Un film molto personale con una grande complessità di temi. Come ha costruito il dialogo con suo padre assente, morto dieci anni fa?

L’ho affrontato senza capire e senza razionalizzare. Tutto ciò che vedete è stato girato senza pensare che fosse un film su mio padre. Ho vissuto, pensato e sognato in quei giorni, ma solo dopo, quando sono tornato a Roma, ho iniziato a capire cosa era successo e ho iniziato ad aprire i cassetti. Mio padre aveva affidato i Super8 a un cugino di mia madre, poi ho trovato delle vecchie lettere che io gli avevo scritto a cui non aveva dato risposta ma che conservava gelosamente e delle foto. Tra questa le due foto di me bambino in braccio a lui allo specchio, una la conoscevo, quella in cui i nostri volti si vedono entrambi, l’altra no…

Quanto è stato importante il lockdown per consentirle di avviare questo dialogo immaginario?

Tutto ciò non sarebbe mai successo se non fosse arrivata questa condizione impensabile, un silenzio che racconta tante cose, il vuoto da cui sgorga il rapporto con i vuoti e i silenzi di papà. Se non fossi stato a Venezia in quei giorni, non avrei mai iniziato questo viaggio. È questo insondabile rapporto col destino di cui parla Camus, scrittore che mio padre amava. A volte ci sono cose che sembrano scritte per te. Non avevo mai deciso di vivere a Venezia, avevo un rapporto conflittuale con una città dove fai fatica a muoverti.
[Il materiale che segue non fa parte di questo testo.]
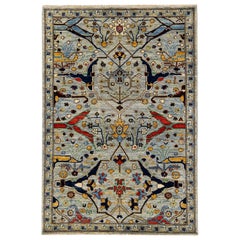 Light Gray Modern Bidjar Style Handmade Designed Wool Rug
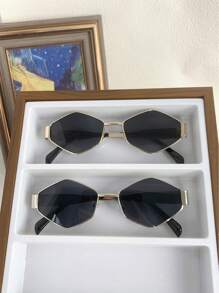 1 pieza Gafas de moda de metal de polígono retro para mujer para verano, playa, vacaciones, exteriores, viajes. de estilo vintage con montura geométrica para usar con atuendos para salir, regreso a la escuela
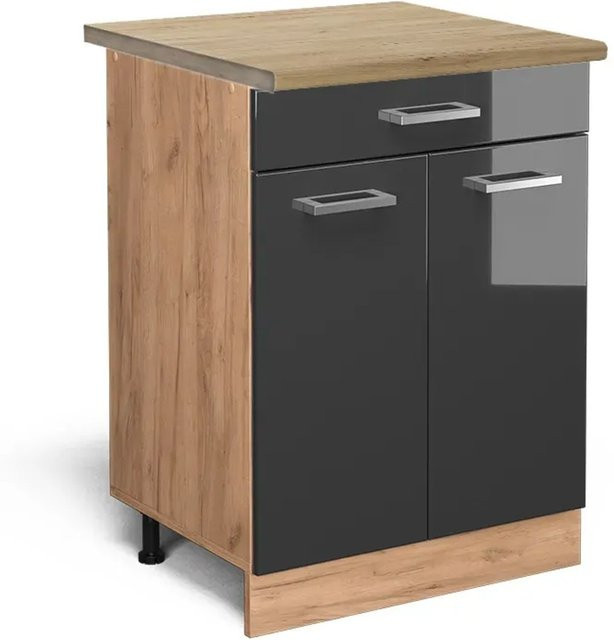 Vicco Küchenunterschrank R-Line in Anthrazit Hochglanz und Eiche mit Schubladen Breite: 60 cm, Höhe: 81,6 cm, Tiefe: 60 cm - Bild 1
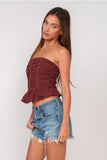 Smocked Ruched Ruffle Crop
È andato a Venezia per altri progetti.

Dovevo stare lì dal 20 febbraio al 20 marzo. Lavoravo a un progetto con il Teatro Stabile del Veneto, la mia prima regia teatrale con Andrea Pennacchi, un’opera sperimentale in dialogo con il cinema sul rapporto tra Venezia e l’acqua, che andrà in scena a marzo 2021. Il secondo progetto è un lungometraggio prodotto da Iole e Rai Cinema che dovrebbe andare sul set a ottobre e che racconta la storia di tre fratelli pescatori della Giudecca che devono decidere cosa fare della loro casa, se affidarla al turismo o no. 

Infatti Molecole racconta anche l’impatto ambientale del turismo su una città come Venezia e sui suoi abitanti.
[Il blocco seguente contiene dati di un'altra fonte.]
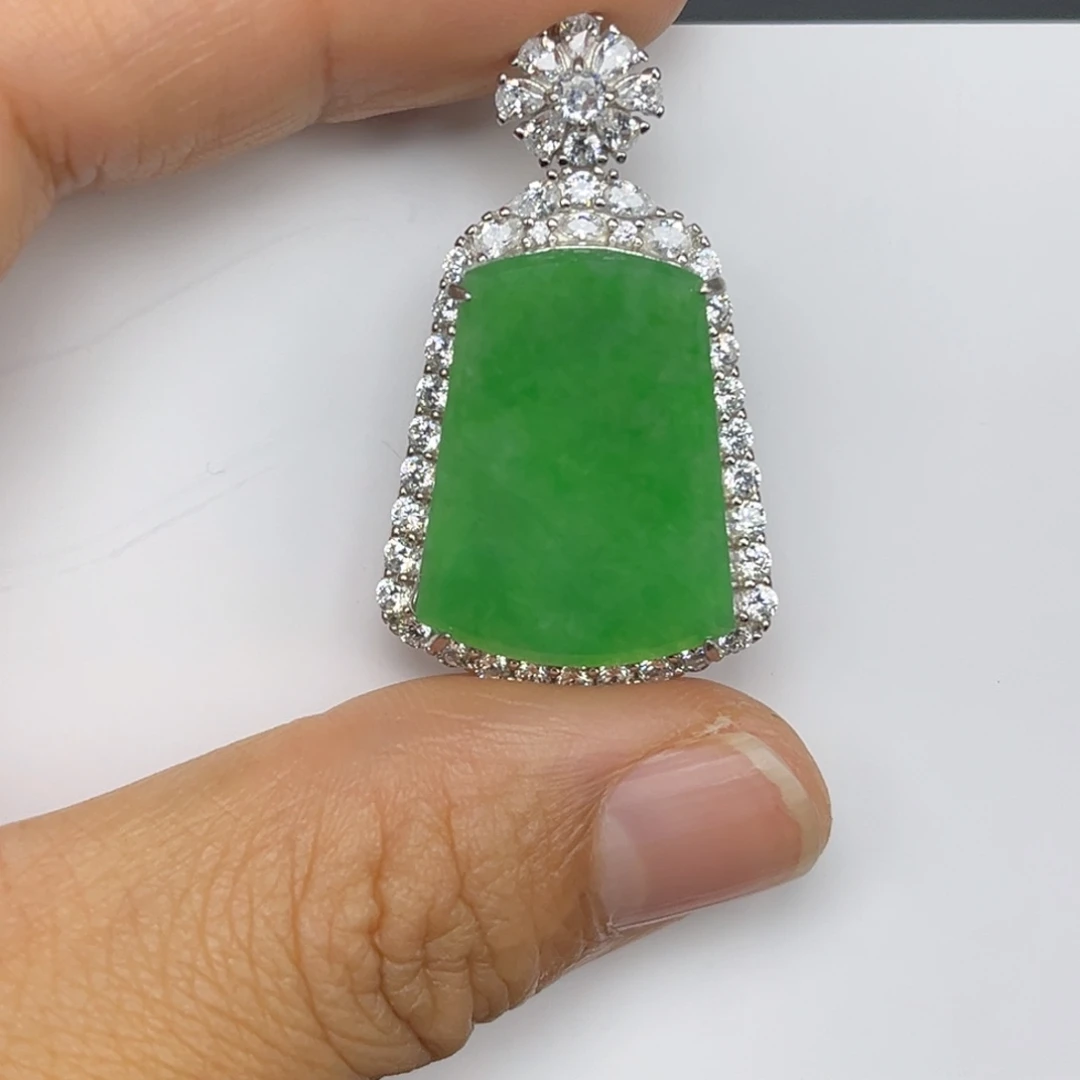 翡翠银S925镶嵌吊坠(不含链)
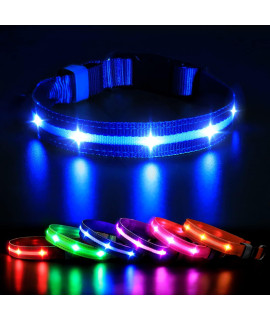 Masbrill Led Dog Collar - Light Up Dog Collars Rechargeable - Lighted Dog Collar Safety Waterproof Glow Up Flashing Light Up Collar For Dogs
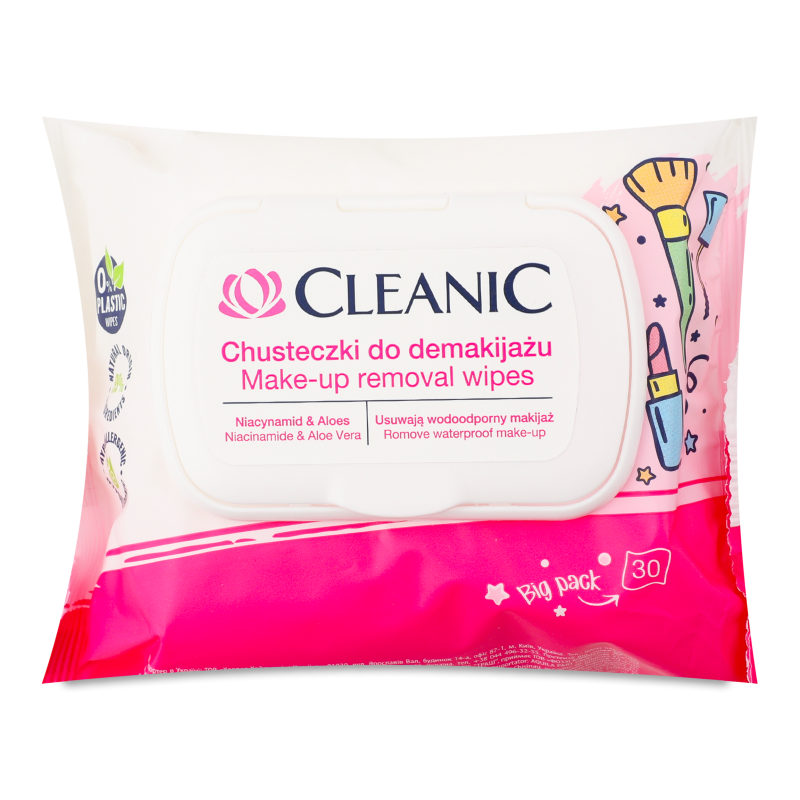 Серветки д/зняття макіяжу вологі I Love Make Up 30шт з клапаном Cleanic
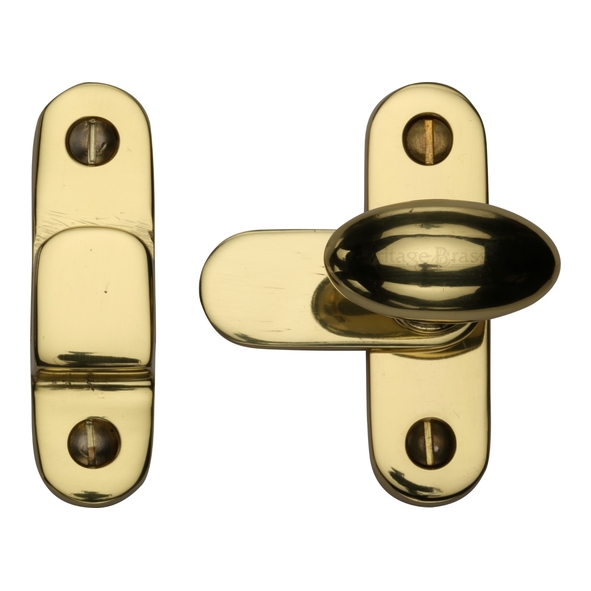 V1970-PB • 55 x 16 x 32 x 33mm • Polished Brass • Heritage Brass Oval Knob Showcase Fastener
Questa urgenza non è solo di Venezia, il turismo di massa ha un grave impatto ambientale e antropologico sulle nostre vite ovunque. Ritengo che il turismo e lo svuotamento dei centri storici resi fruibili per i turisti sia un grave problema. Fin qua abbiamo solo pensato a far girare l’industria, ma come è come negli anni ’50 per il petrolchimico: qualcosa che porta lavoro a un prezzo molto elevato. È vero che fermare il turismo vuol dire perdere posti di lavoro, perché a Venezia ci sono 40mila addetti. Ma su questo la città, che il 20 settembre deve eleggere il nuovo sindaco, si interroga da alcuni anni, ci sono movimenti civici. Bisogna prendere decisioni strutturali. Sono in ballo interventi economici molto grandi. A Venezia ci sono ogni giorno 120mila persone, di questi solo 40mila sono residenti.
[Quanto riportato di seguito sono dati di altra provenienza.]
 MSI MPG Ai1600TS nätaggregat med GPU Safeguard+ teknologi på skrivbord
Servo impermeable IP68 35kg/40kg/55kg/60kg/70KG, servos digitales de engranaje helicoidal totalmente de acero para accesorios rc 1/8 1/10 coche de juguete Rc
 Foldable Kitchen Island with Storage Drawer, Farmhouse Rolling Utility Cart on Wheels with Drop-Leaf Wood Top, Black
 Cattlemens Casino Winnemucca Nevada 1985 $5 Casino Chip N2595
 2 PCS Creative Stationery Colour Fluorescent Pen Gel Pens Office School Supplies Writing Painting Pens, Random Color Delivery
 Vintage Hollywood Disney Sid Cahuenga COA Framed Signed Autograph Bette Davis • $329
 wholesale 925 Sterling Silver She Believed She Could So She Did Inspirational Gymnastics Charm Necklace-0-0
A proposito di sostenibilità, durante il lockdown sembrava che avessimo imparato a rallentare i ritmi di una civiltà basata sul consumo incessante e il mancato rispetto delle risorse del pianeta. Ma ora tutto sta ripartendo come prima con scarsa consapevolezza ambientale.

Uno dei guai dell’umanità è che dalle tragedie sembra si debba imparare tantissimo, ma poi si ricomincia a fare gli stessi errori di prima. Però nascono anche degli anticorpi che man mano ci proteggono. Il nazionalismo, il razzismo, i totalitarismi del Novecento non sono scomparsi, perché in maniera carsica ritornano, però abbiamo sviluppato appunto degli anticorpi. Spero che questo anno così potente con l’evidenza dell’impatto dell’uomo sulla natura e sugli altri uomini ci aiuti a sviluppare anticorpi capaci di dire che non torniamo a pompare come prima. Il piccolo contributo del cinema è sedimentare la memoria per dare un senso a ciò che abbiamo vissuto. La vita quotidiana ci offre un rapporto sbrigativo con la memoria. In questa velocità di vita e produzione di immagini il cinema può fermare la corsa per permetterci di capire.

Cosa significa per lei aprire il festival?

Sono felicissimo che il festival ci sia e che dica al mondo che il cinema appartiene alle sale. Non dobbiamo accontentarci di vedere i film a casa da soli. La sala ha un valore artistico e sociale, che permette al cinema di avere una funzione non solo individuale. Questo è un nuovo inizio. Dobbiamo ripartire senza dimenticare ciò che è successo e ciò che è stato.